还是从最主要的开始看,据上文所述 obj_sal_seg_branch/train 首先调用了 model.load_weights 方法。

调用时传参:

model.load_weights(model_weights, by_name=True, exclude=exclude_layers)

结合 load_weights 的源码。
首先导包:

def load_weights(self, filepath, by_name=False, exclude=None):
    """Modified version of the corresponding Keras function with
    the addition of multi-GPU support and the ability to exclude
    some layers from loading.
    exclude: list of layer names to exclude
    """
    import h5py
    # Conditional import to support versions of Keras before 2.2
    # TODO: remove in about 6 months (end of 2018)
    try:
        from keras.engine import saving
    except ImportError:
        # Keras before 2.2 used the 'topology' namespace.
        from keras.engine import topology as saving
   
    if h5py is None:
        raise ImportError('`load_weights` requires h5py.')

然后判断是否有要剔除的层。而传参时 exclude 不为空,所以将 by_name 置为 True。(事实上在传参的时候这个参数也是True,这句话只是为了代码的稳健性。不写也没事)

def load_weights(self, filepath, by_name=False, exclude=None):
    ...
    if exclude:
        by_name = True

然后根据路径获取一个h5py文件。(对 h5py 文件不熟悉的可以参考这个博客,想知道更多的关于这个文件的操作方法请参考这个博客。)

def load_weights(self, filepath, by_name=False, exclude=None):
    ...
    f = h5py.File(filepath, mode='r')
    if 'layer_names' not in f.attrs and 'model_weights' in f:
        f = f['model_weights']

这句是为了多GUP训练

def load_weights(self, filepath, by_name=False, exclude=None):
    ...
    # In multi-GPU training, we wrap the model.
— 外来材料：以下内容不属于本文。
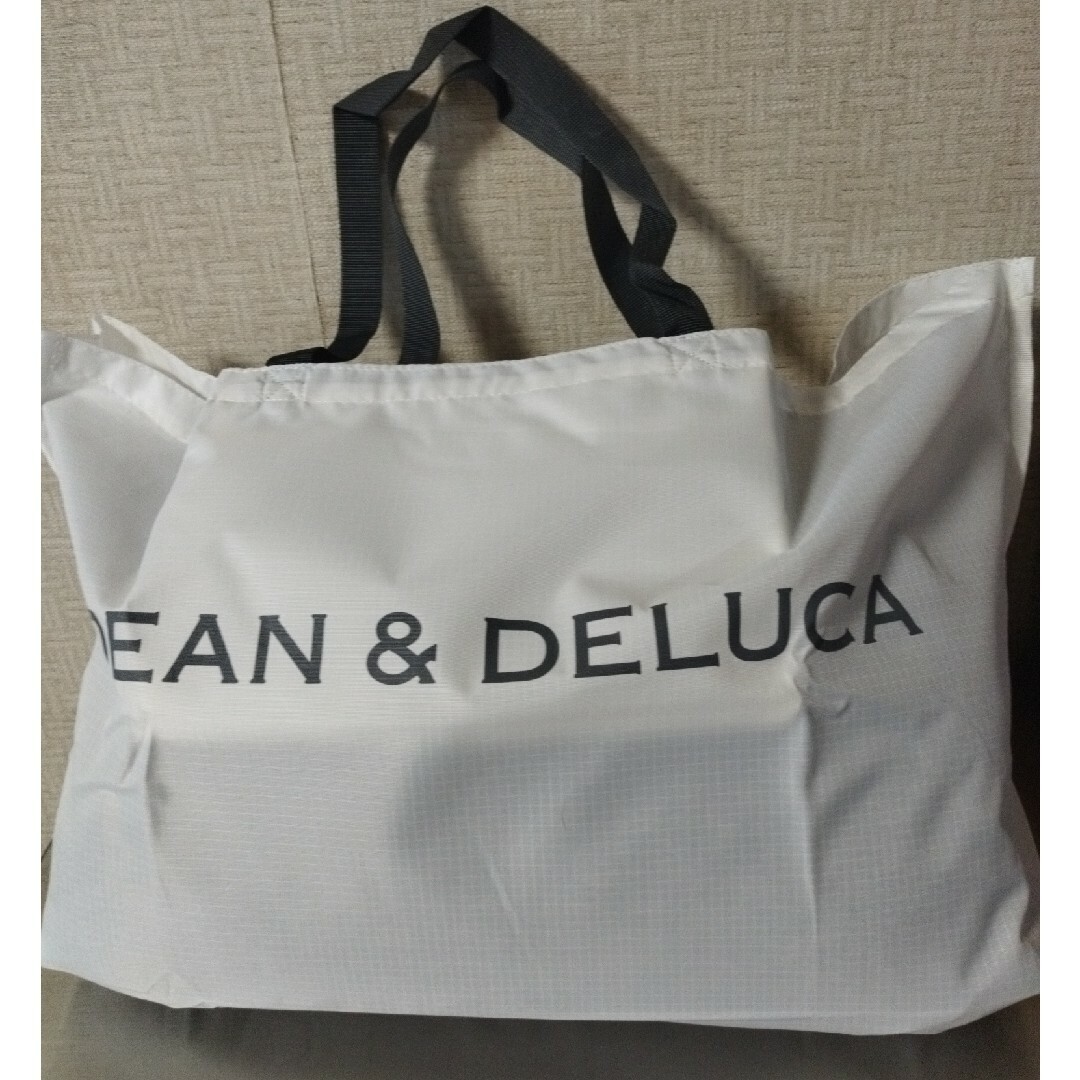 DEAN & DELUCA(ディーンアンドデルーカ)の【新品】ディーン&デルーカ 肩がけOK 大きいトートバッグ お洒落 男女兼用 レディースのバッグ(トートバッグ)の商品写真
Get layers
    # of the inner model because they have the weights.
    keras_model = self.keras_model
    layers = keras_model.inner_model.layers if hasattr(keras_model, "inner_model") \
        else keras_model.layers

然后过滤掉被排除的 layers,其中 filter 是python的内置函数,第一个参数是函数,第二个参数是可迭代, filter 会把后一个参数的每个数据输入函数中判断,将其中True的结果返回。

def load_weights(self, filepath, by_name=False, exclude=None):
    ...
    # Exclude some layers
    if exclude:
        layers = filter(lambda l: l.name not in exclude, layers)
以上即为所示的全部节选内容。